I'm not done yet. Maybe by next year, I'll be the master of GF baking.

But in the meantime, there are some pretty good substitutes.

Everything made by the Gluten-free Pantryrocks. As I've mentioned before, their Country French Bread and Pizza Mix is my daily flour. I'm not kidding--your life is going to be so much easier if you simply buy a 5-pound bag, put it in your flour canister, and pretend you're using that stuff you used to mix without thinking before you stopped eating gluten. All their mixes are good too, and there are so many left to try. I'd just give up and use these for all baking in the future, if a) gluten-free food in a bag weren't more expensive than homemade, and b) if I didn't love to experiment with baking so much. Try them.

WOW Baking, a new company in Seattle, makes GF cookies so damned good you wouldn't believe they're store bought. They're great cookies, not great GF cookies. Especially the ginger molasses one. They insist on using real butter, sugar, and all the good, gooey stuff that makes baking what it is. The fact that each cookie costs $2.19 is a real drawback, however. An occasional splurge, and no more.

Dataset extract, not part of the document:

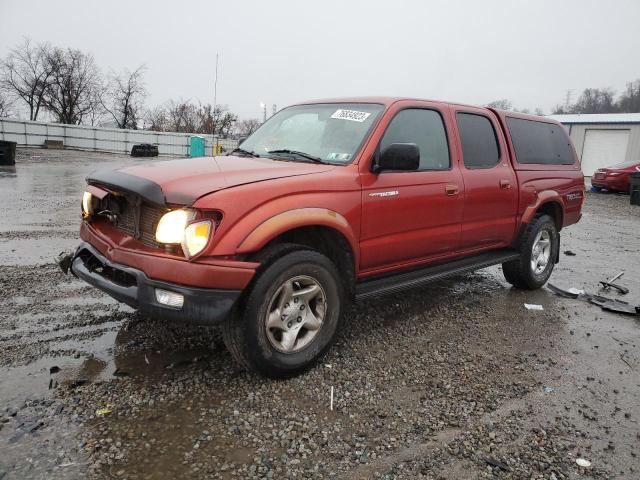 TOYOTA TACOMA 2001 5tehn72n91z848112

Every one of the mixes by The Cravings Place have made me squeal with delight when I tastes the finished project. And, they're dairy and nut free! Last week, I made a cinnamon coffee cake that made everyone stop talking and eat with delight instead. And several times, I have made the muffin mix, once with pumpkin and golden raisins, and once with zucchini. Moist, dense and light at the same time, and damned fine muffins. But once again, the price tag--$5.89 for a bag big enough to make nine muffins--yikes.

At the moment, my winner is The Flying Apron Bakery, which made the cardamom chai cupcake you see pictured here. A small, local bakery in Seattle, it is run by a father and daughter team. A few years ago, they started making vegan treats, most of them gluten-free, out of a little space underneath Cedars restaurant. Lines started to form. Even before I had given up gluten, I used to stop for their tahini cookies after my stroll around the University Farmers' Market on Saturday mornings. Now, they make baked goods at their much larger retail store downtown, in Pioneer Square. And some of the best coffee shops in town carry their cookies and bars, which is a wonderful surprise when I wander in for a soy chai. I found this cupcake at the Food Co-Op in Port Townsend, earlier this week. I recommend them, entirely. Well, they could probably use a tad more xantham gum, as the goods grow too dry and flaky pretty quickly. But, if you buy it the day they make it, there's no mistaking it for anything other than what it is: a damned fine baked good treat.

So there is hope. As with everything else in my life, I know how to walk this path: feel what I feel with no restraints, then move into the next movement clear. So yeah, it really stinks that I'll never eat a Macrina treat again. But now, there's Flying Apron. And so much new left to discover.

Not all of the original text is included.